What is pytest-pgsql?

pytest-pgsql is a pytest plugin you can use to write unit tests that utilize a temporary PostgreSQL database that gets cleaned up automatically after every test runs, allowing each test to run on a completely clean database (with limitations).

The plugin gives you two fixtures you can use in your tests: postgresql_db and transacted_postgresql_db. Both of these give you similar interfaces to access to the database, but have slightly different use cases (see below).

General Usage

You can use a session, connection, or engine - the choice is up to you. postgresql_db and transacted_postgresql_db both give you a session, but postgresql_db exposes its engine and transacted_postgresql_db exposes its connection:

def test_orm(postgresql_db):
    instance = Person(name='Foo Bar')
    postgresql_db.session.add(instance)
    postgresql_db.session.commit()
    with postgresql_db.engine.connect() as conn:
        do_thing(conn)

def test_connection(transacted_postgresql_db):
    instance = Person(name='Foo Bar')
    transacted_postgresql_db.session.add(instance)
    transacted_postgresql_db.session.commit()
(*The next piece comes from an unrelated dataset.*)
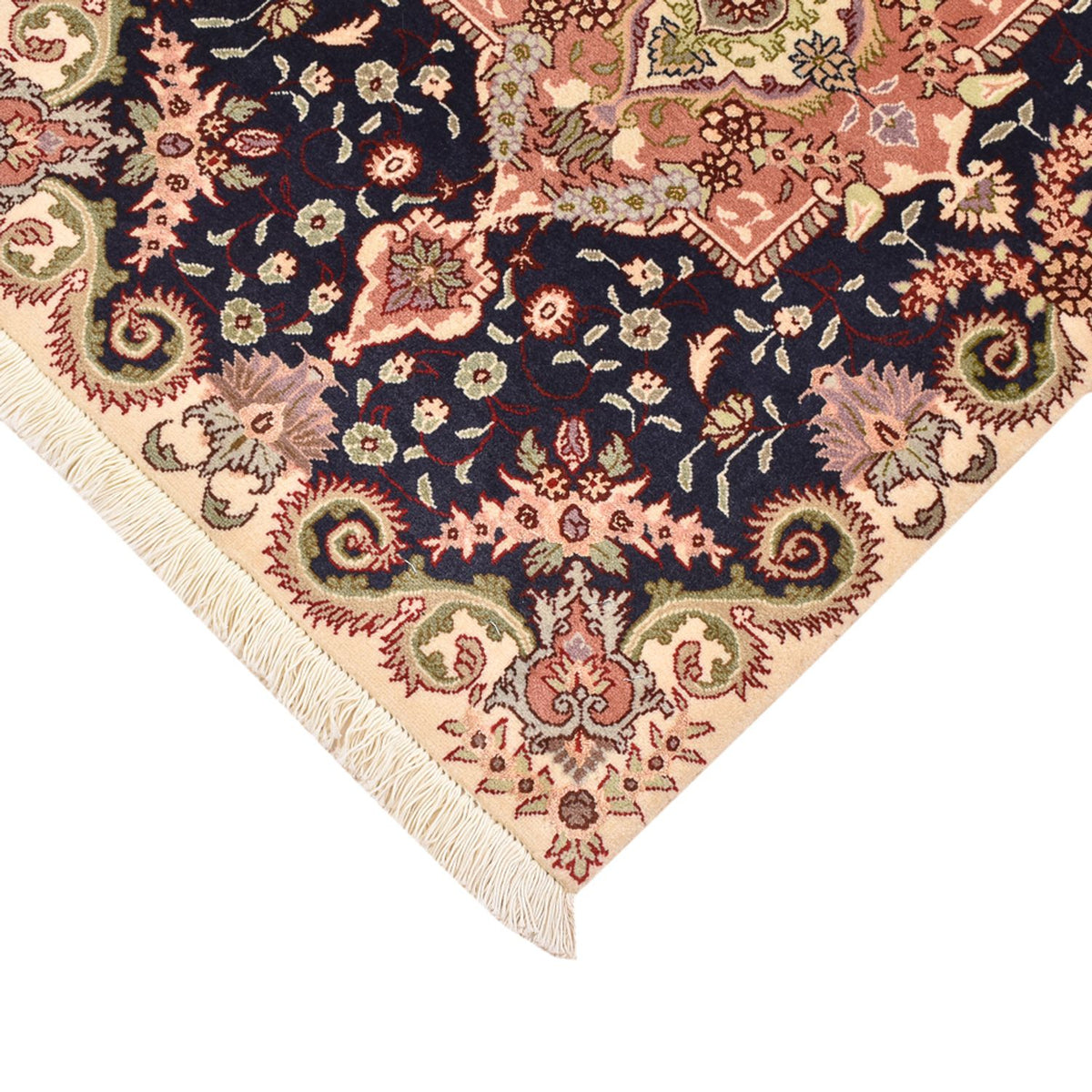 Perser Rug - Tabriz - Royal - 92 x 60 cm - multicolored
    transacted_postgresql_db.connection.execute('DROP TABLE my_table')

Which Do I Use?

There are a few differences between the transacted and non-transacted versions of the PostgreSQL database fixture. They are as follows:

Transacted is faster

The major advantage of transacted_postgresql_db is that resetting the database to its original state is much faster than postgresql_db. Unfortunately, that comes at the expense of having to run the entire test in a single transaction. This means you can’t call execute a COMMIT statement anywhere in your tests, or you’ll risk causing nondeterministic bugs in your tests and possibly hiding bugs your production code.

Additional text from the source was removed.